DATASET RECORDS
*** Begin section ***

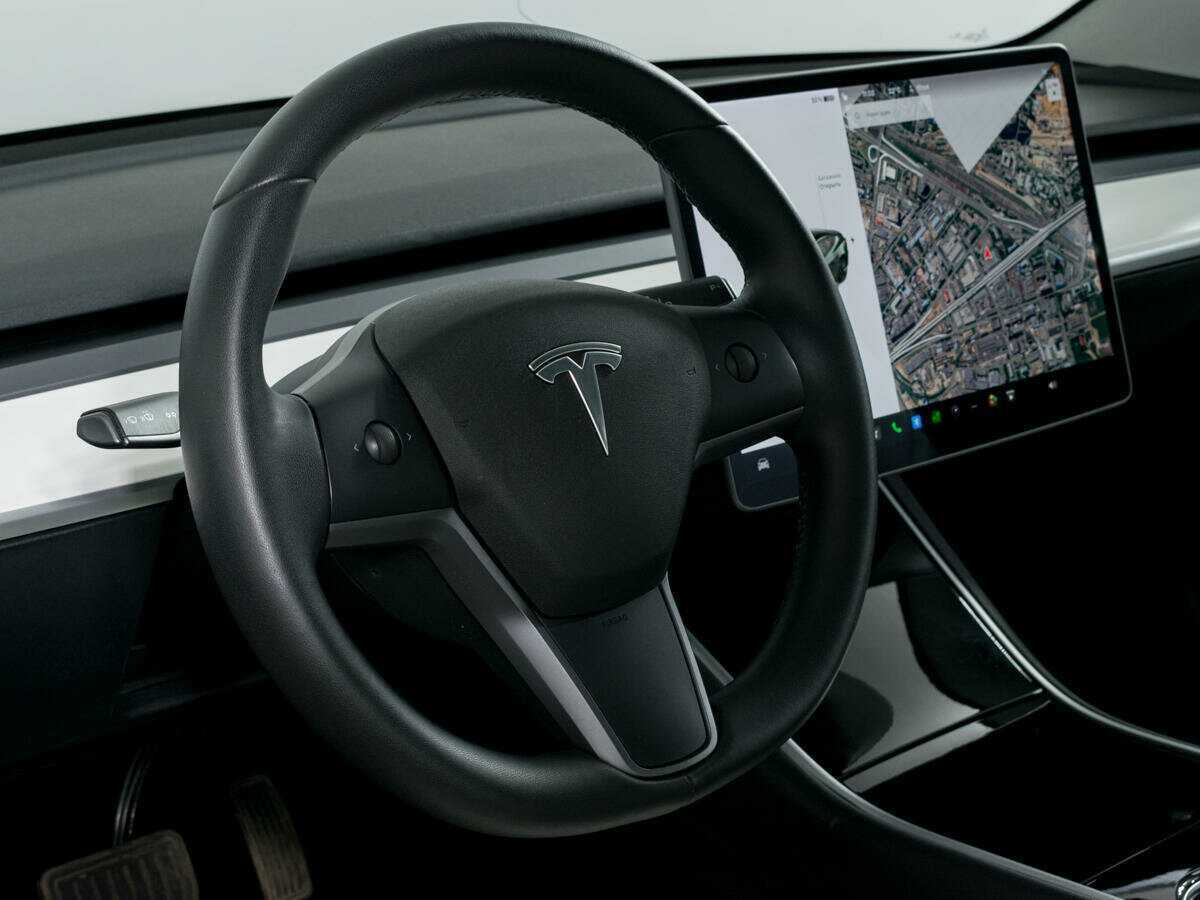 Tesla Model 3 Standart Plus, 2019 Фото №11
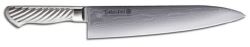 COUTEAU SANTOKU 17 CM TOJIRO NICKEL DAMASCUS PRO SGPS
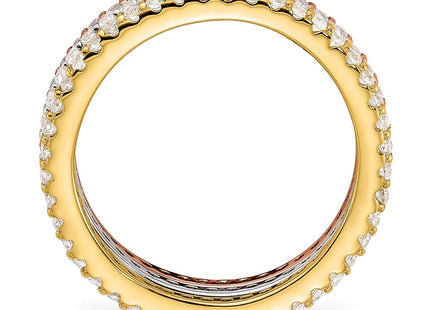 Sterling Silver Jewelry Style QR7543 - Classique Jewelry Inc.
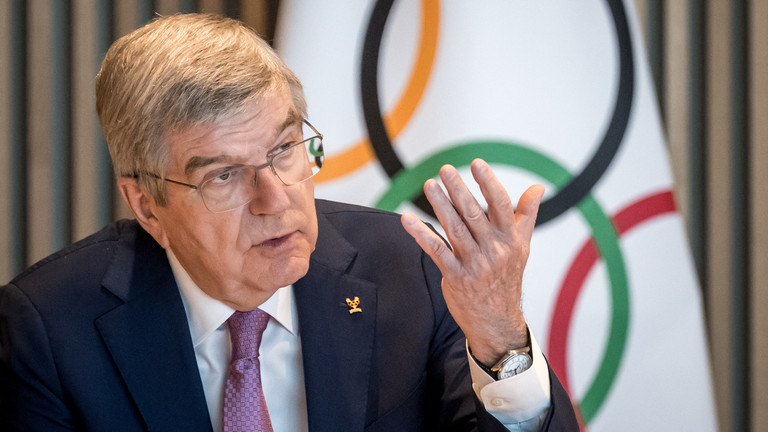 RT: Olimpijski zvaničnici zatražili od Ukrajine da špijunira ruske sportiste – predsednik MOK-a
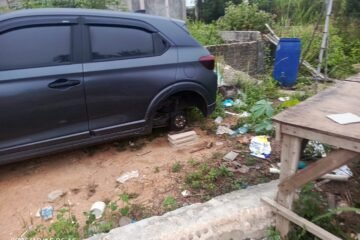 Marak Pencurian Ban Mobil di Batubesar Nongsa 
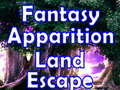 Игра Fantasy Apparition Land Escape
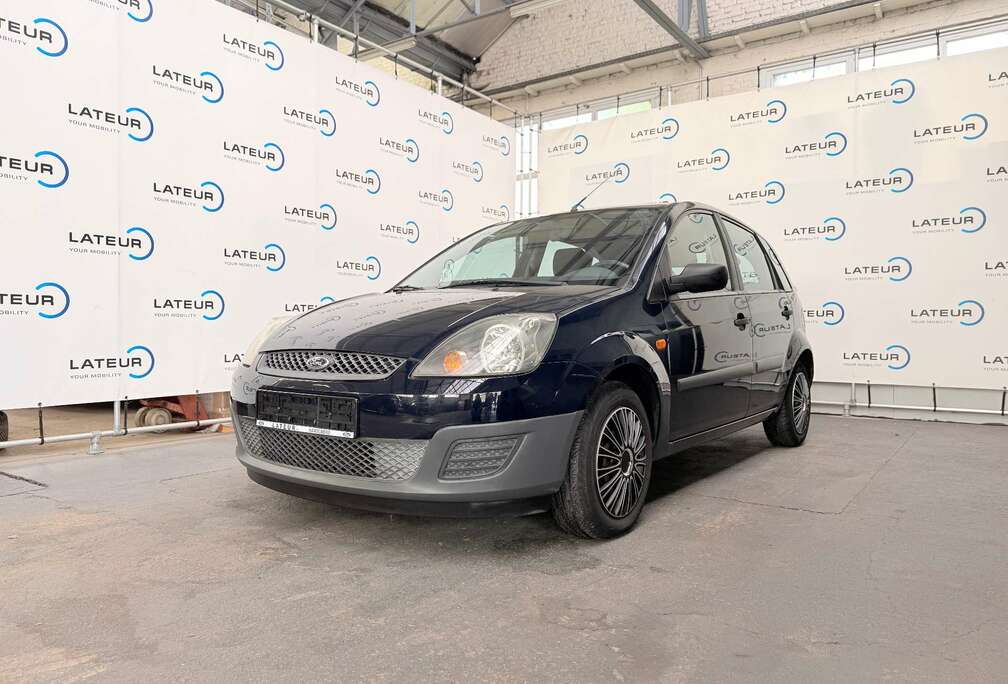 Ford 5 deurs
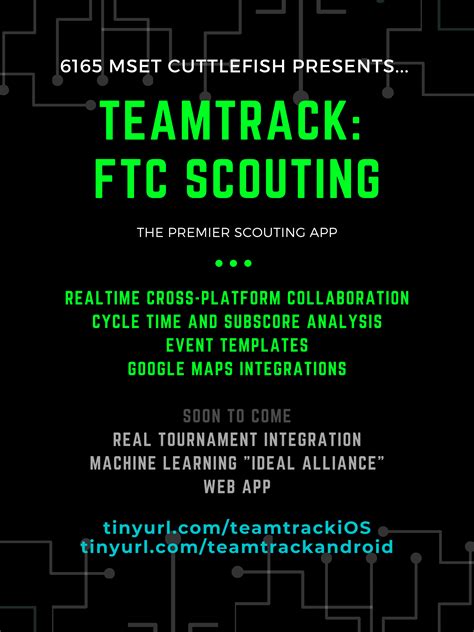 ftc scouting app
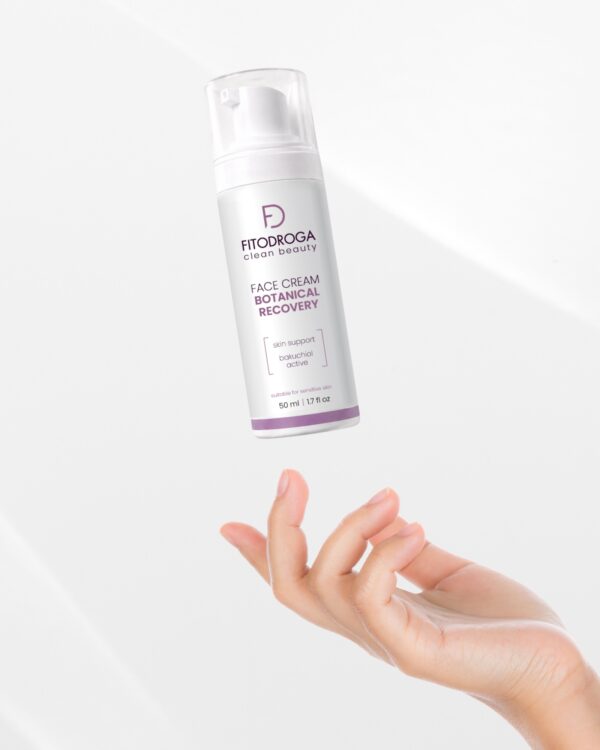 Botanical Recovery Face Cream - Image 3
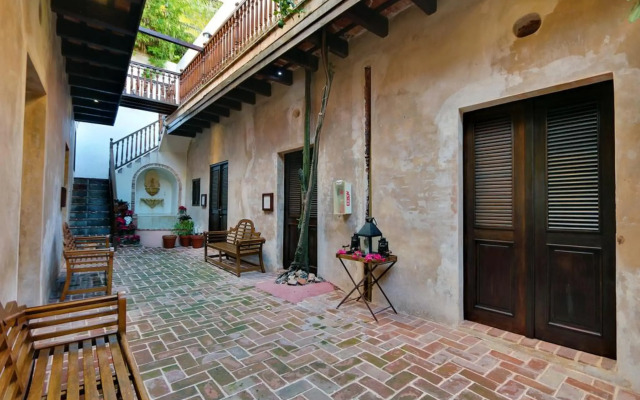 Villa Herencia Hotel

*** End section ***

PROBLEM
Write out an exact copy of the lines beginning at the line that contains "Ford 5 deurs" and ending at the last line of the listing. Exclude pictures.

SOLUTION
 Ford 5 deurs
 ftc scouting app
 Botanical Recovery Face Cream - Image 3
 Villa Herencia Hotel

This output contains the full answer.